- [What you need to do]
Give every line of the material back exactly, images removed.

- [Data extracts]
>>>

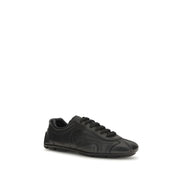 Prada Black Calf Leather Low Top Sneakers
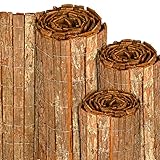 Sol Royal Bark Garden Fence Screening 180x300 cm (HxW) - Outdoor FSC® Natural Bark Mat Privacy Screen Fence for Wind & Rain Protection for Balcony Garden Terrace - R63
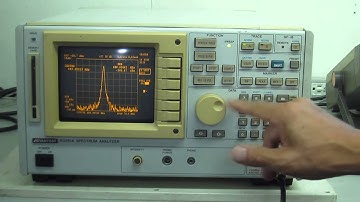 ADVANTEST R3261A Spectrum analyzer 動作確認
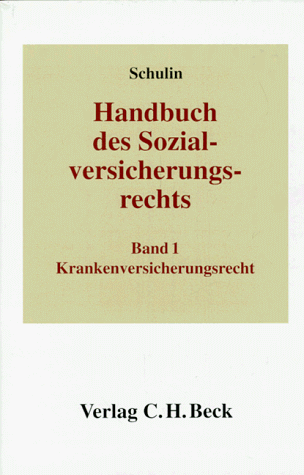 Preisvergleich Produktbild Handbuch des Sozialversicherungsrechts, 4 Bde., Bd.1, Krankenversicherungsrecht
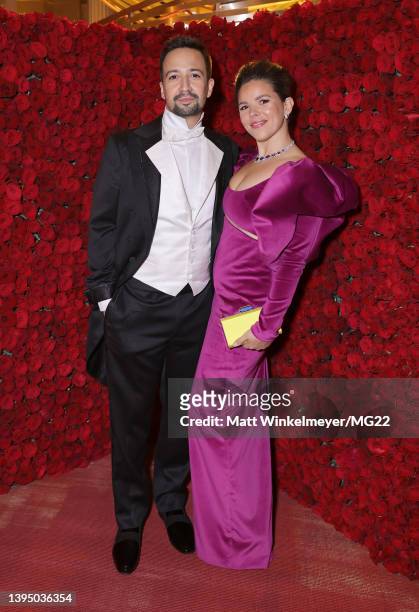 Co-Chair Lin-Manuel Miranda and Vanessa Nadal attend The 2022 Met Gala Celebrating "In America: An Anthology of Fashion" at The Metropolitan Museum...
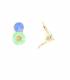 Oorclips | Mintgroen en lavendelblauw | Pastel retro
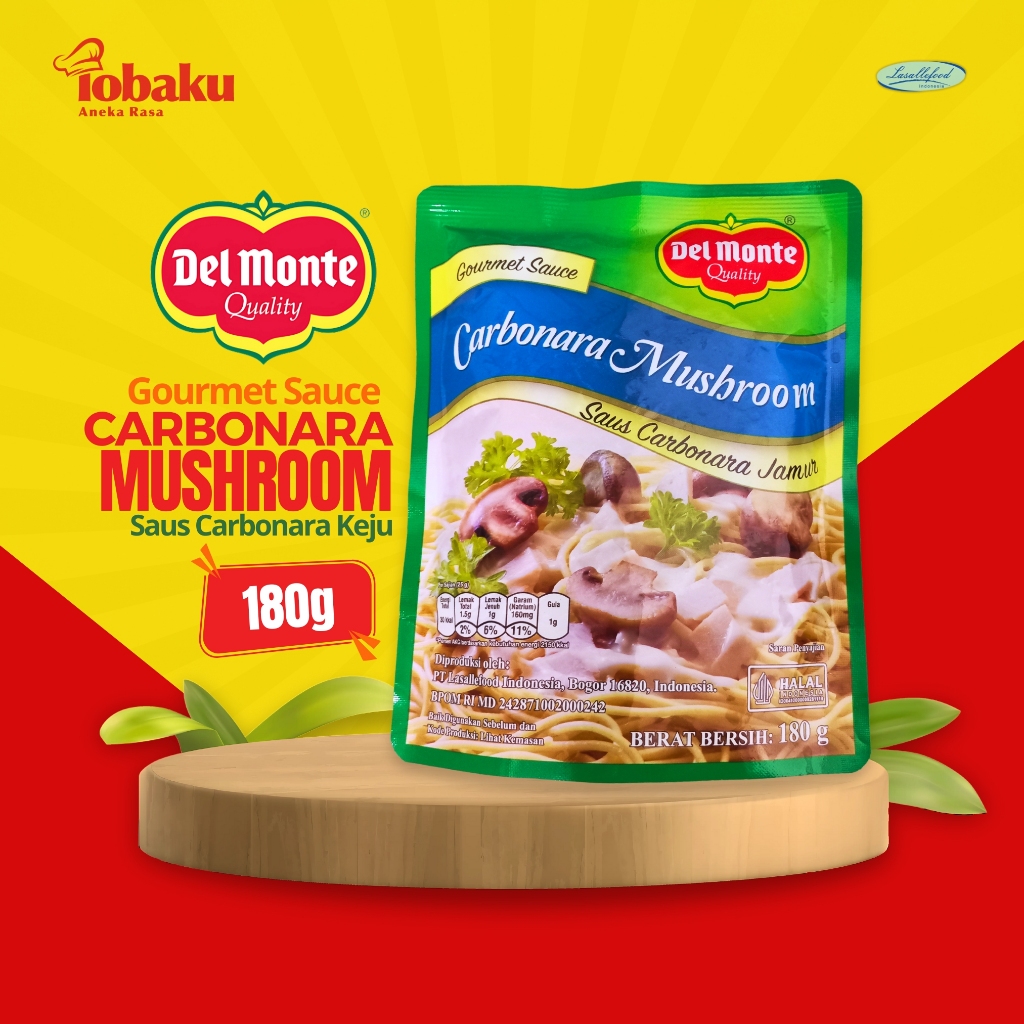 

Del Monte Gourmet Sauce Carbonara Mushroom 180g _
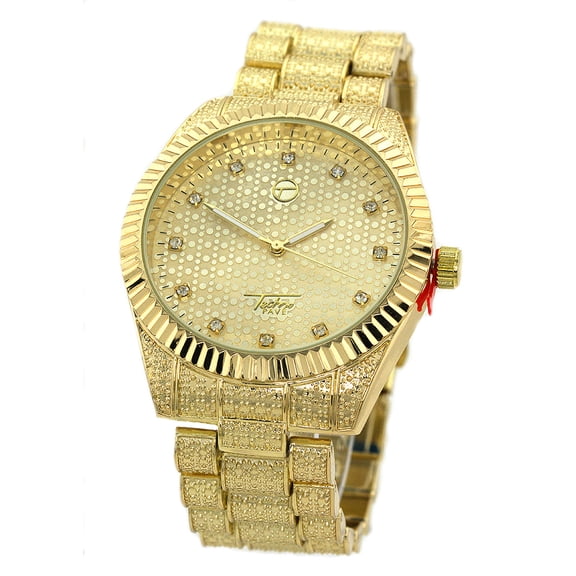 Men’s Gold-Tone Business & Clubbing Watch 44mm, 13mm thick case.
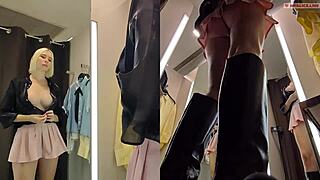 hidden cam fitting room spies juicy pussy upskirt flashing public fetish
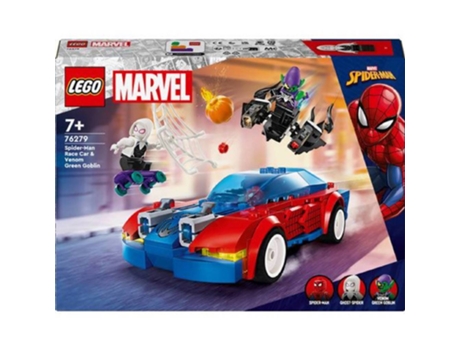 LEGO 76279 Coche de Carreras de Spiderman Y Duende Verde Ven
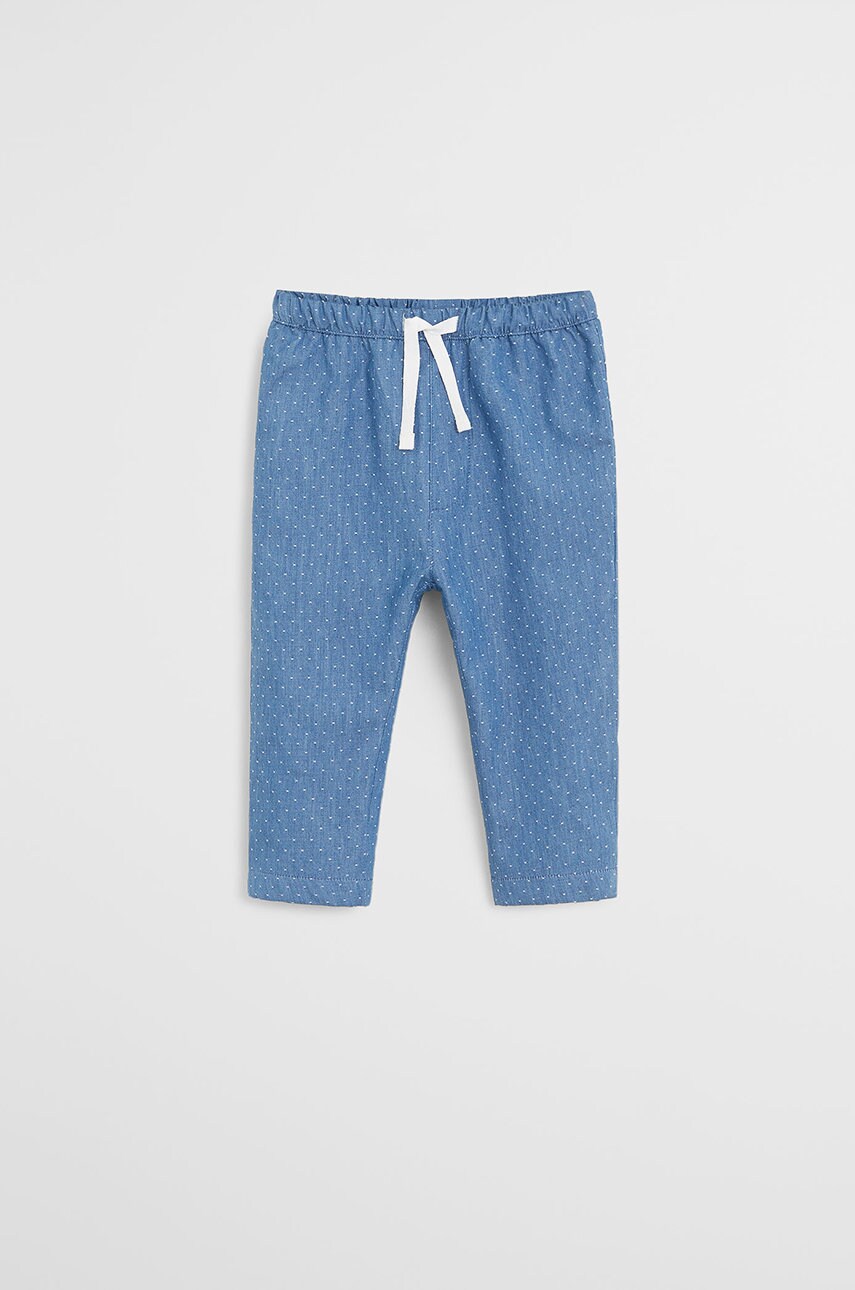 Mango kids - pantaloni bebe jan6 62-80 cm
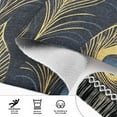 thumbnail image 6 of Yayeee Runner Rug for Bedroom 2'x6' Machine Washable Hallway Non Slip Mat, Peacock Feathers Pattern, 6 of 8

<<<

- [Answer to this task]
 Prada Black Calf Leather Low Top Sneakers
 Sol Royal Bark Garden Fence Screening 180x300 cm (HxW) - Outdoor FSC® Natural Bark Mat Privacy Screen Fence for Wind & Rain Protection for Balcony Garden Terrace - R63
 ADVANTEST R3261A Spectrum analyzer 動作確認
 Preisvergleich Produktbild Handbuch des Sozialversicherungsrechts, 4 Bde., Bd.1, Krankenversicherungsrecht
 Co-Chair Lin-Manuel Miranda and Vanessa Nadal attend The 2022 Met Gala Celebrating "In America: An Anthology of Fashion" at The Metropolitan Museum...
 Oorclips | Mintgroen en lavendelblauw | Pastel retro

Del Monte Gourmet Sauce Carbonara Mushroom 180g _
 Men’s Gold-Tone Business & Clubbing Watch 44mm, 13mm thick case.
 hidden cam fitting room spies juicy pussy upskirt flashing public fetish
 LEGO 76279 Coche de Carreras de Spiderman Y Duende Verde Ven
 Mango kids - pantaloni bebe jan6 62-80 cm
 thumbnail image 6 of Yayeee Runner Rug for Bedroom 2'x6' Machine Washable Hallway Non Slip Mat, Peacock Feathers Pattern, 6 of 8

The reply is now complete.